Task to carry out: Write every line below out again, exactly as given, but leave out the pictures.

Dataset content:
● ● ● ● ●

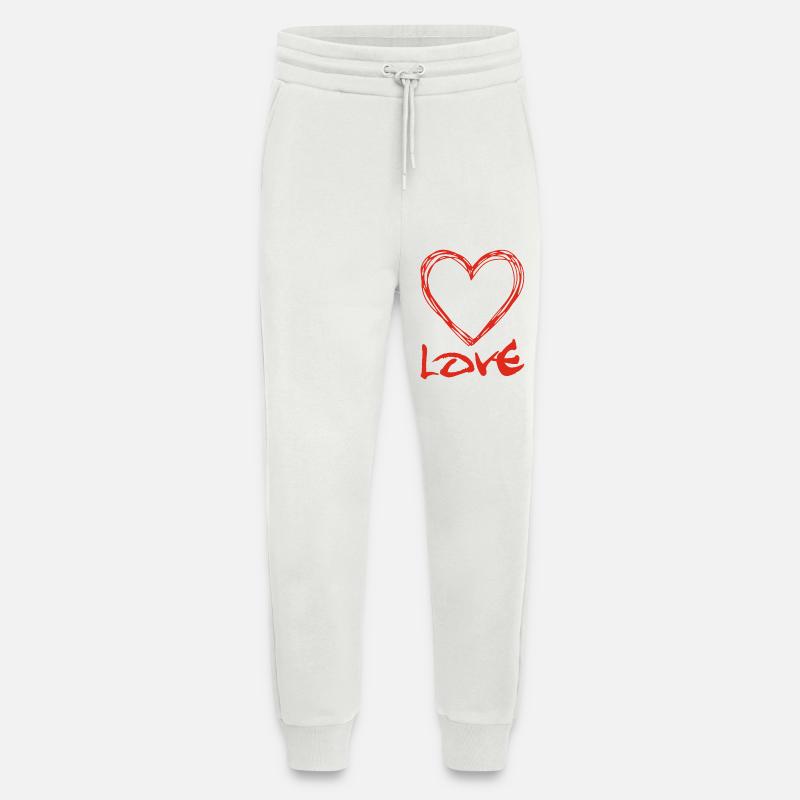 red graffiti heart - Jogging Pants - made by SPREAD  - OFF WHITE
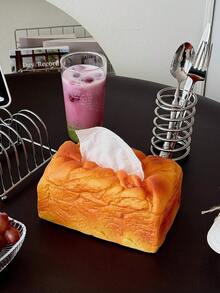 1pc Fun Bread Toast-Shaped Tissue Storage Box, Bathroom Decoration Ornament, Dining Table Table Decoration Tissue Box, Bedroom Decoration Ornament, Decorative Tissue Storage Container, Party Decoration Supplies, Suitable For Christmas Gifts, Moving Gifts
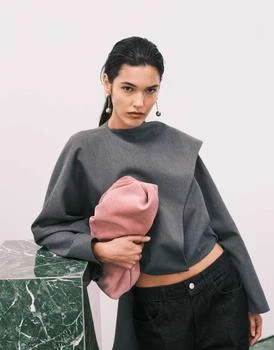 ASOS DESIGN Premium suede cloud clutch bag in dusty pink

● ● ● ● ●

Response for this exercise:
 red graffiti heart - Jogging Pants - made by SPREAD  - OFF WHITE
 1pc Fun Bread Toast-Shaped Tissue Storage Box, Bathroom Decoration Ornament, Dining Table Table Decoration Tissue Box, Bedroom Decoration Ornament, Decorative Tissue Storage Container, Party Decoration Supplies, Suitable For Christmas Gifts, Moving Gifts
 ASOS DESIGN Premium suede cloud clutch bag in dusty pink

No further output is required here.